### What the task asks
Transcribe all the entries word for word, skipping the pictures.

### Information shown
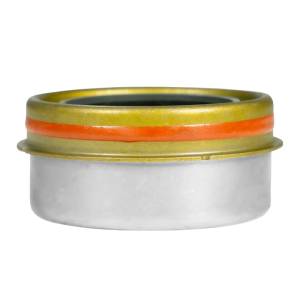 Yukon Gear & Axle - Yukon 9.25in CHY 3.55 Rear Ring & Pinion Install Kit 1.705in Axle Bearings and Seal - YGK2077 - Image 6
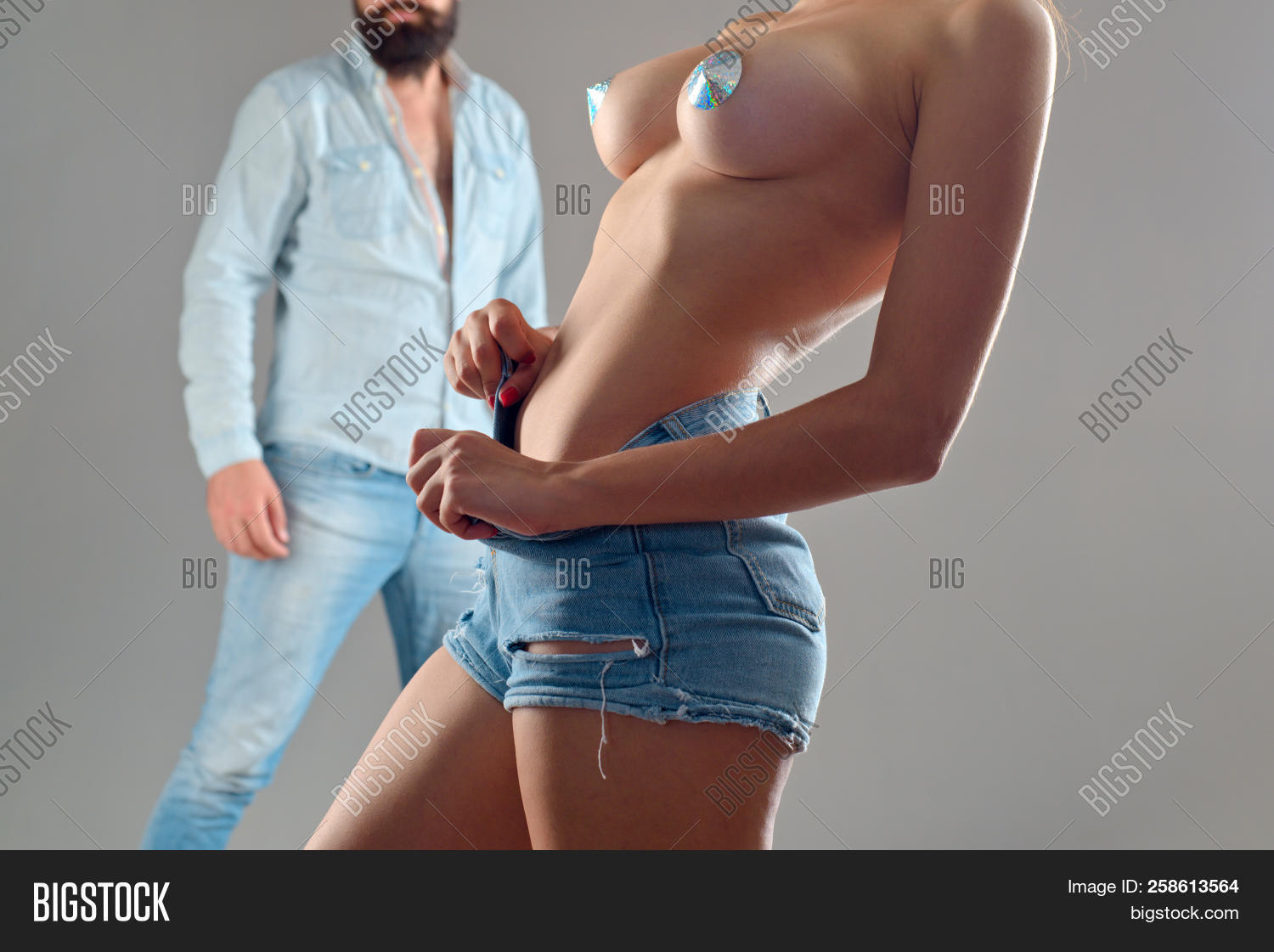 brian boerjan recommends Gorgeous Naked Boobs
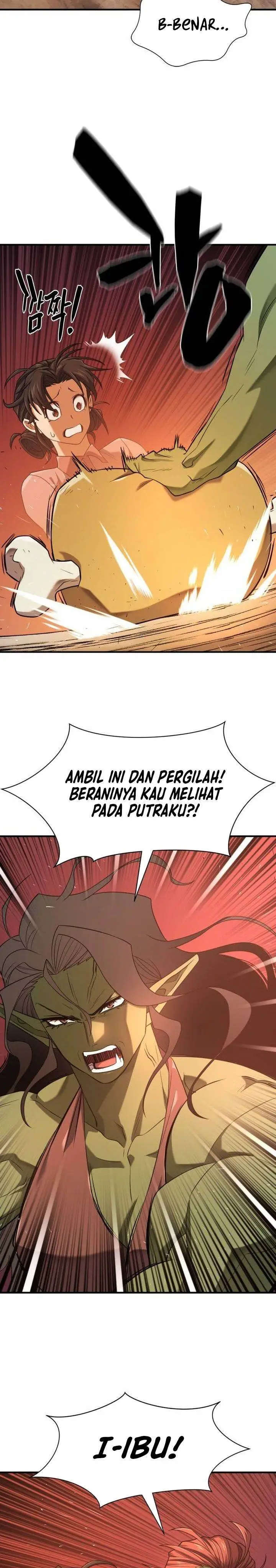 image-komik-the-worlds-best-engineer-chapter-216-5/33
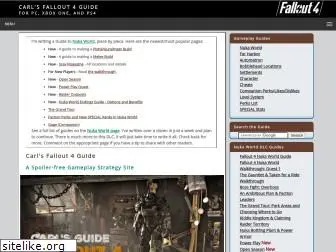 carls-fallout-4-guide.com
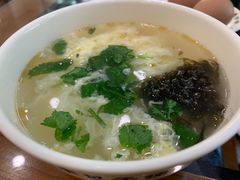 -庆丰包子铺(临河里店)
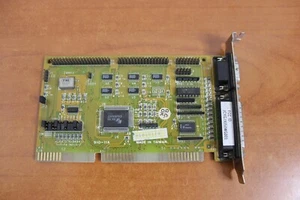 PC VINTAGE - ISA CONTROLLER #2 - Bild 1 von 3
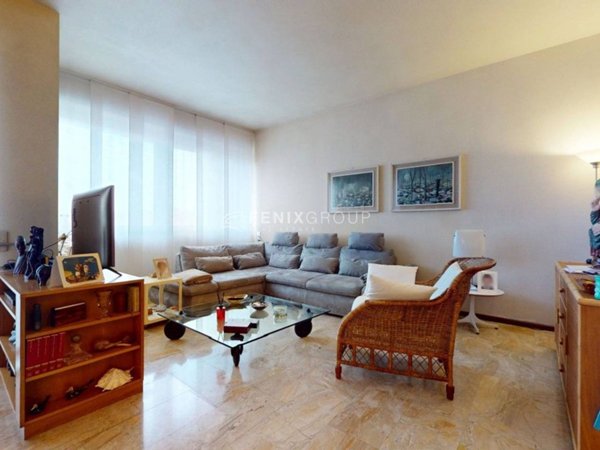 appartamento in vendita ad Opera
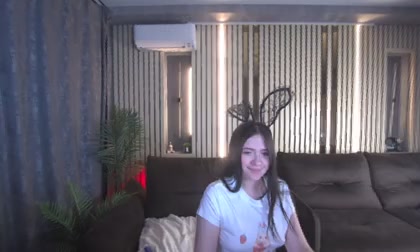 MargaritaGrey
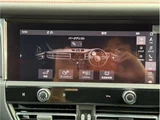 2023 Porsche Macan 4WD SUV for sale, Japanese used car export - photo 38 of 58 | GULJI TRADERS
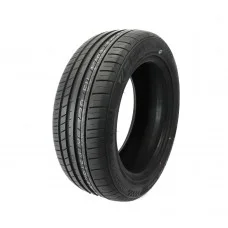 Шина S2000 205/55 ZR16 XL 94W (літня) Rim Protector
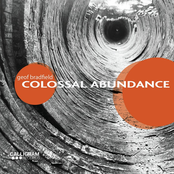 Colossal Abundance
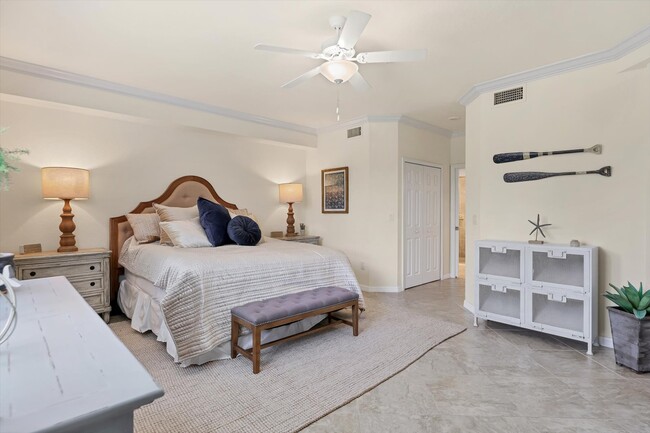 Building Photo - 5921 Wake Forest Run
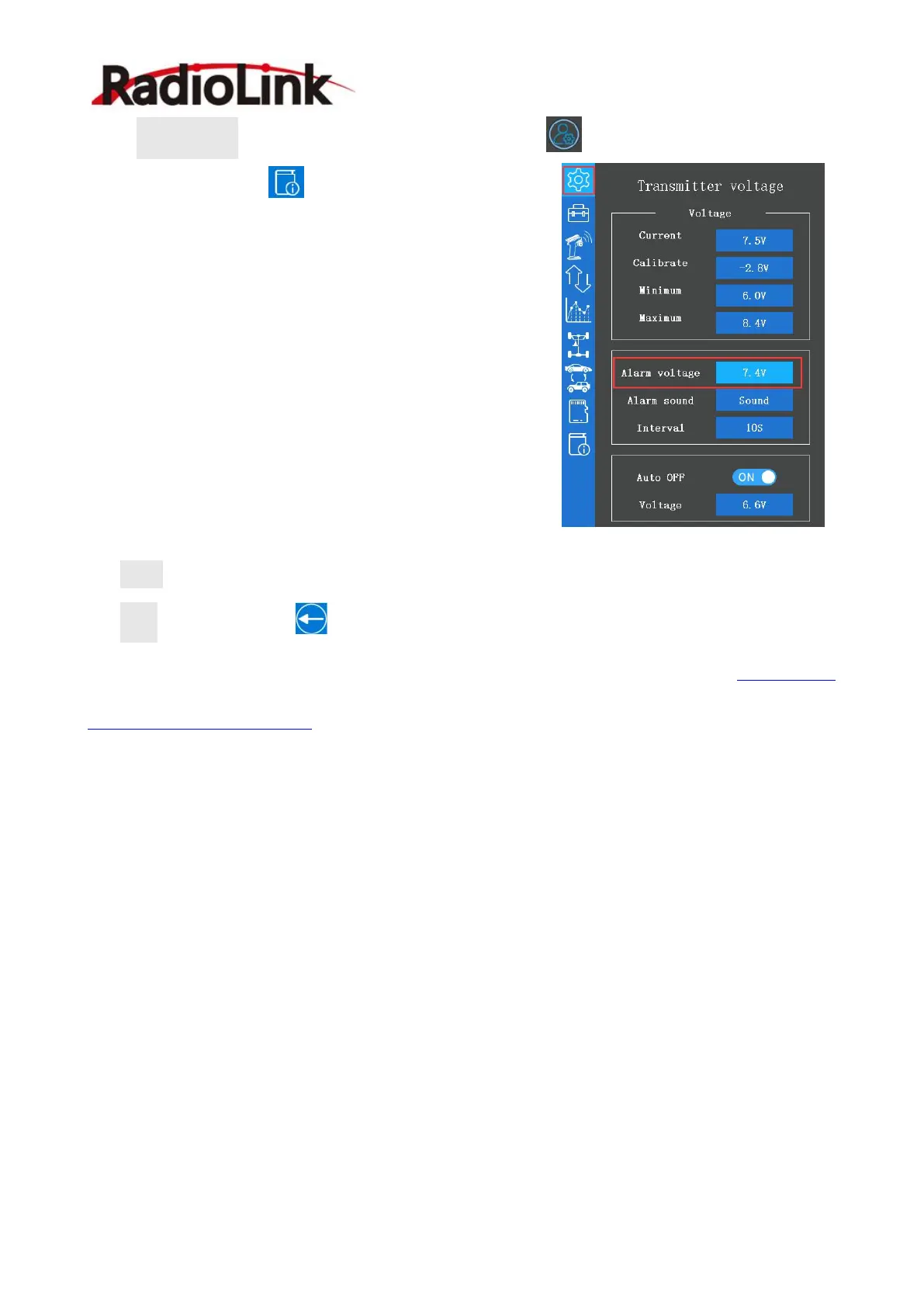 Page #18 background image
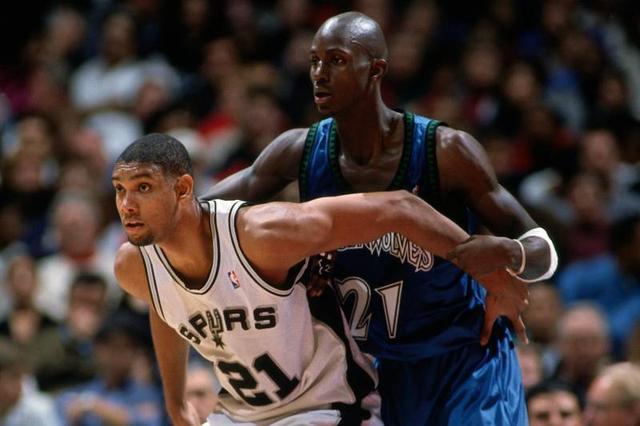 与线路的精 与线路的精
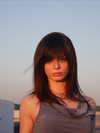 carmaxlla Altpins Profile Picture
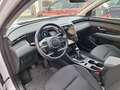 Hyundai TUCSON NX4 Trend Line 1,6 T-GDi 2WD 48V t1bt0 Weiß - thumbnail 2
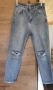 Дънки Guess, снимка 3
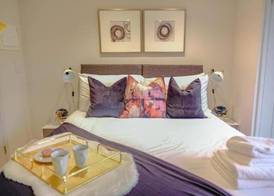 Catharine House by condokeeper 3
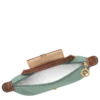 Pouzdro Le Pliage Original s uchem Pouzdro Le Pliage Original s uchem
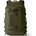 YETI Градска раница YETI Crossroads 27 l olive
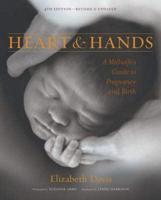 Heart & Hands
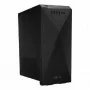Pc De Bureau ASUS Pro I5-12400 8Go 1To + 256Go SSD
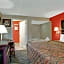 Days Inn by Wyndham Ridgefield NJ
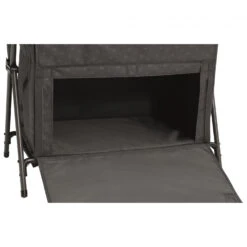 Outwell Bahamas Cabinet - Campingschrank 12 Outwell Bahamas Cabinet - Campingschrank -Geschäft Für Campingausrüstung outwell bahamas cabinet campingschrank detail 4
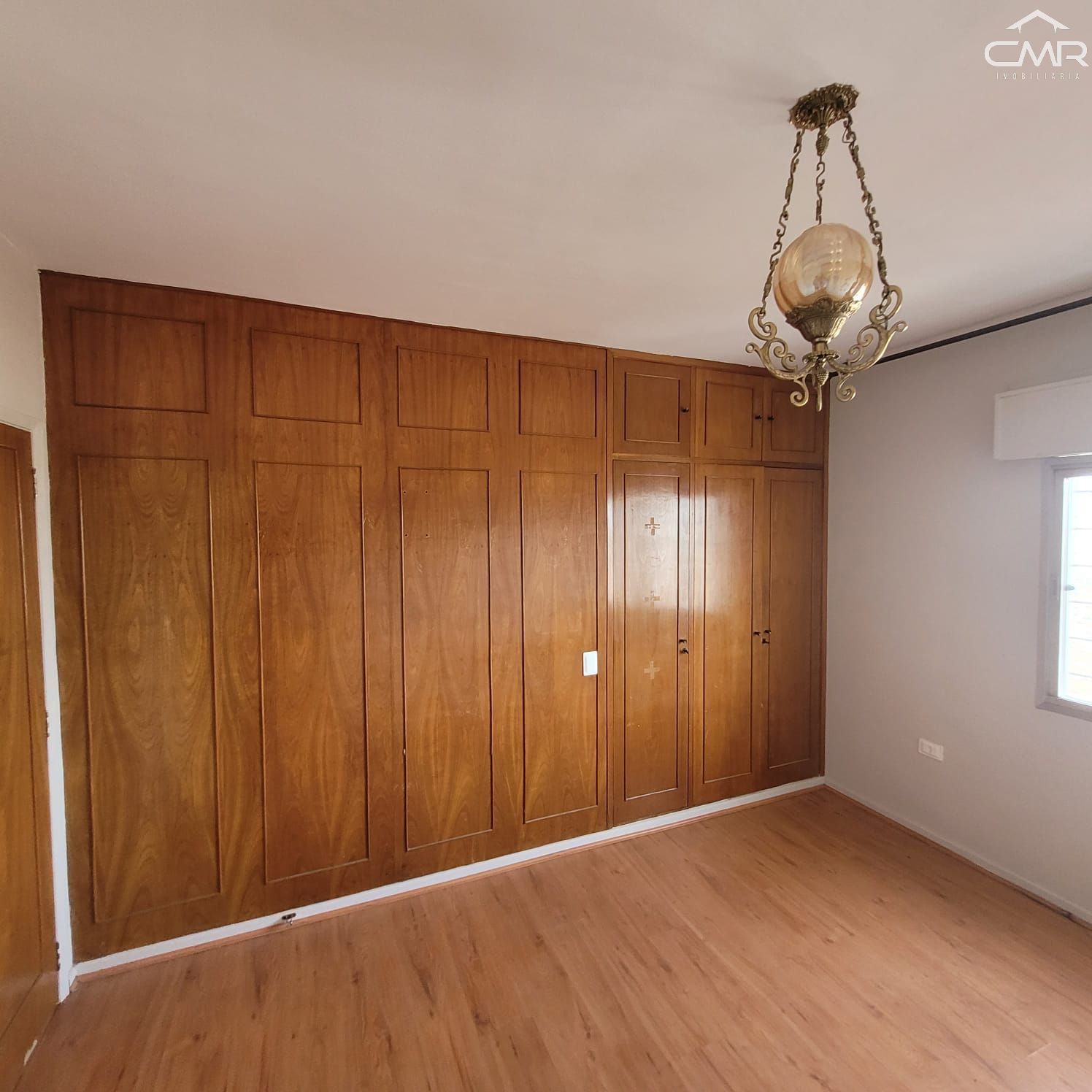 Apartamento, 3 quartos, 156 m² - Foto 12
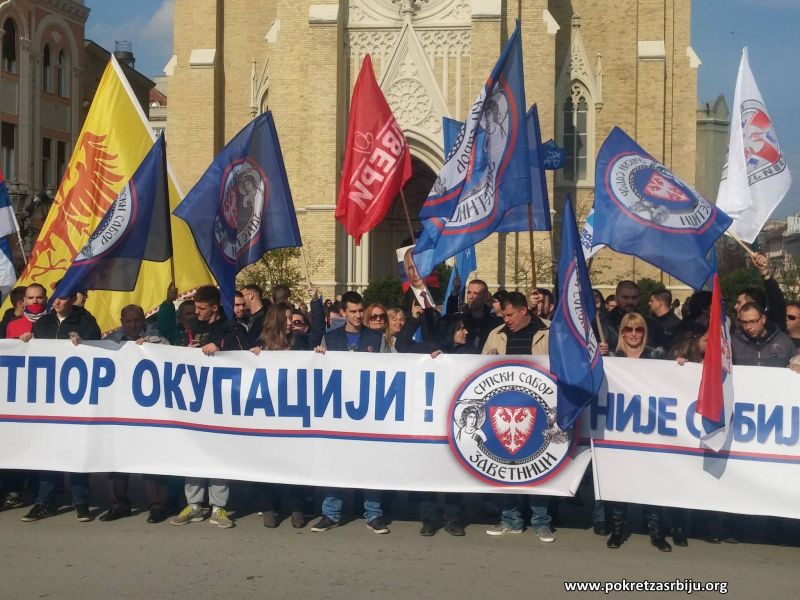 antinato_protest_novi_sad-31.jpg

### Exercise output
 Yukon Gear & Axle - Yukon 9.25in CHY 3.55 Rear Ring & Pinion Install Kit 1.705in Axle Bearings and Seal - YGK2077 - Image 6
 brian boerjan recommends Gorgeous Naked Boobs
 image-komik-the-worlds-best-engineer-chapter-216-5/33
 carls-fallout-4-guide.com
 -庆丰包子铺(临河里店)
 PC VINTAGE - ISA CONTROLLER #2 - Bild 1 von 3
 appartamento in vendita ad Opera
 MargaritaGrey
 2023 Porsche Macan 4WD SUV for sale, Japanese used car export - photo 38 of 58 | GULJI TRADERS
 Шина S2000 205/55 ZR16 XL 94W (літня) Rim Protector
 Colossal Abundance
 Building Photo - 5921 Wake Forest Run
 Page #18 background image
 与线路的精 与线路的精
 carmaxlla Altpins Profile Picture
 Hyundai TUCSON NX4 Trend Line 1,6 T-GDi 2WD 48V t1bt0 Weiß - thumbnail 2
 Дънки Guess, снимка 3
 Catharine House by condokeeper 3
 Pouzdro Le Pliage Original s uchem Pouzdro Le Pliage Original s uchem
 YETI Градска раница YETI Crossroads 27 l olive
 Heart & Hands
Pc De Bureau ASUS Pro I5-12400 8Go 1To + 256Go SSD
 Days Inn by Wyndham Ridgefield NJ
 Outwell Bahamas Cabinet - Campingschrank 12 Outwell Bahamas Cabinet - Campingschrank -Geschäft Für Campingausrüstung outwell bahamas cabinet campingschrank detail 4
 Apartamento, 3 quartos, 156 m² - Foto 12
 antinato_protest_novi_sad-31.jpg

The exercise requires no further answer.